Pusat Penelitian Kakao Pangkep dibangun di atas lahan seluas 95,2 hektare (ha). Mars Indonesia menggelontorkan investasi sebesar US$ 4 juta atau setara dengan Rp 54,092 miliar (kurs Rp 13.523). Harapannya, pusat penelitian kedua ini bisa menggenjot produksi kakao yang tadinya sekitar 0,5 ton per hektare per tahun menjadi 1,5 ton per hektare per tahun.
"Investasi di Pangkep ini adalah fasilitas penelitian kakao kedua di Indonesia. Sesuai komitmen kami yang fokus meningkatkan kualitas produksi kakao dan keberlanjutannya," kata Frank Mars, Director of Mars. Inc dalam sambutannya pada peletakan batu pertama Pusat Penelitian Kakao di Pangkep, Sulawesi Selatan, Sabtu (18/11).
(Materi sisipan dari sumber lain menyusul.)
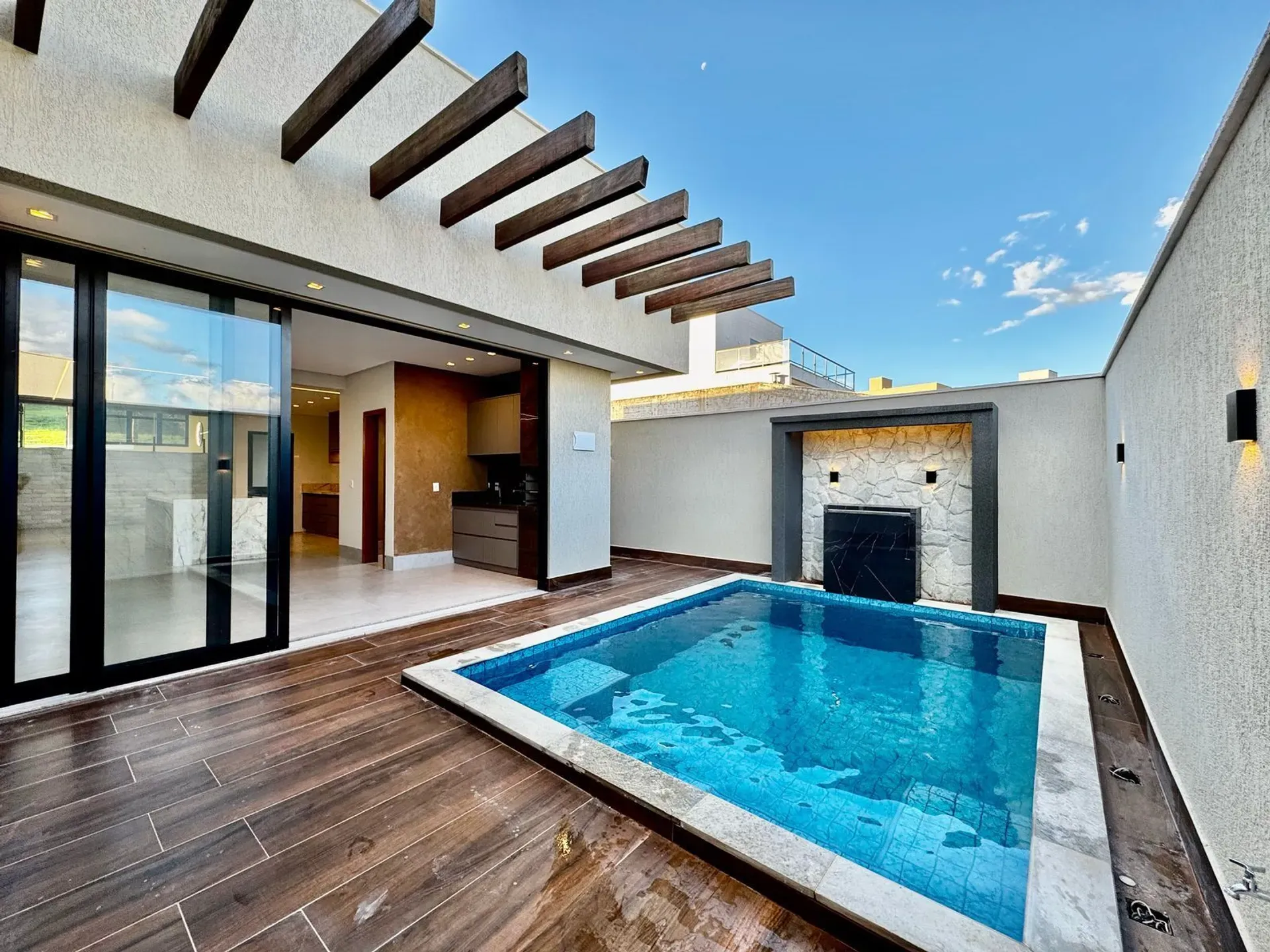 JARDINS NAPOLES - Casa Subtérrea de Luxo no Jardins Nápoles com Piscina Aquecida e 3 Suítes — foto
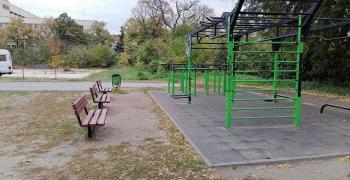 Звено „ОДАП“ при Община Стара Загора поднови счупена паркова мебел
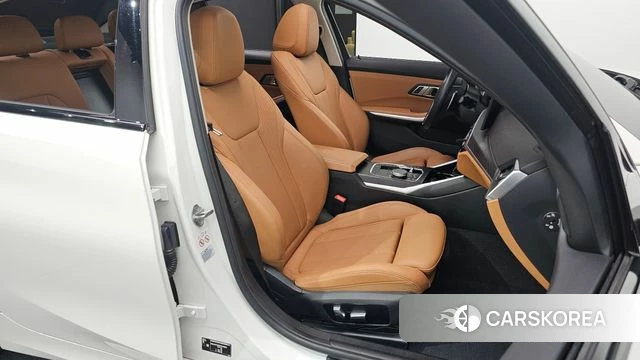 BMW 3 Series (G20) 2023 Белый из Кореи, фото 3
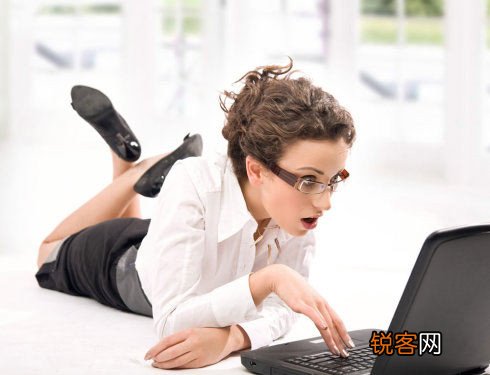 白领电脑前午睡小心辐射斑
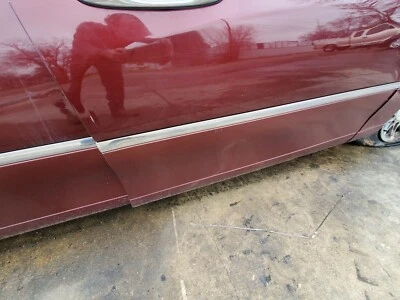 1998-99-00-01-03-07-2011 LLINCOLN TOWN CAR ПРАВАЯ ПЕРЕДНЯЯ ДВЕРЬ НИЖНИЙ МОЛДИНГ ТЕМНО-БОРДОВЫЙ - Изображение 1 из 2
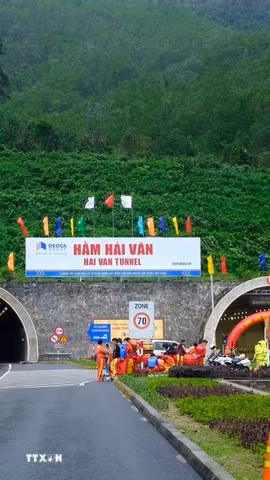 Hai ống hầm 1 và 2 tại khu vực phía Nam hầm Hải Vân. (Ảnh: Quốc Dũng/TTXVN)
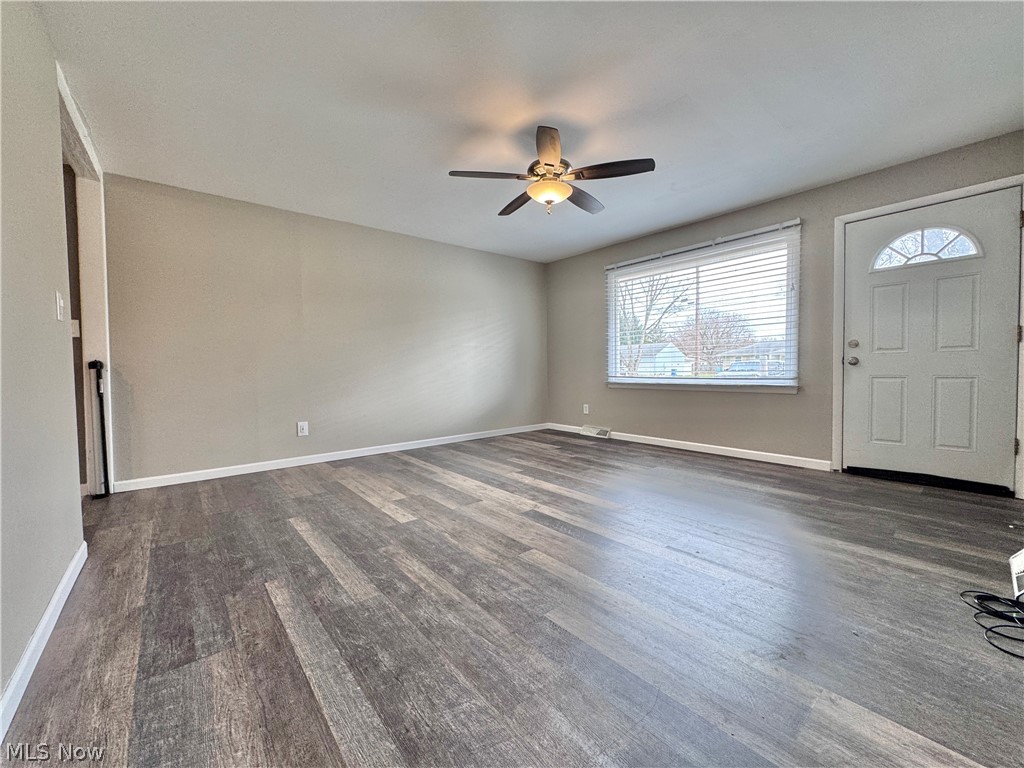 4230 Selkirk Avenue Austintown OH 44511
Frank menjelaskan, industri kakao telah membuka lapangan kerja bagi lebih dari 6,5 juta keluarga petani di seluruh Afrika, Amerika Selatan dan Asia Tenggara. Namun, selama enam tahun belakangan, produksi kakao tercatat menurun 40% karena serangan hama, penyakit dan praktik pertanian yang kurang tepat.
Adapun fasilitas yang dimiliki Pusat Penelitan Kakao Pangkep antara lain kebun percontohan seluas 70 ha, laboratorium seluas 238 m2 berstandar internasional, fertigasi atau pengelolaan pengairan dan pemupukan menggunakan sistem teknologi, serta pengelolaan limbah dengan mendaur ulang air.
"Perubahan iklim merupakan hal yang nyata bagi kami. Kami yang bekerja di Indonesia telah menyadari hal tersebut sejak sepuluh tahun terakhir," jelas Maryln Sumbung, Presiden Direktur Mars Symbioscience Indonesia.
Ia lanjut menjelaskan, Mars berinvestasi jangka panjang untuk mengatasi berbagai ancaman termasuk perubahan iklim, kemiskinan dan kelangkaan sumber daya. Maryln bilang menurut data industri, produksi kakao Indonesia menurun sejak tujuh tahun belakangan, yang semula 700.000 ton per tahun menjadi 300.000 ton per tahun.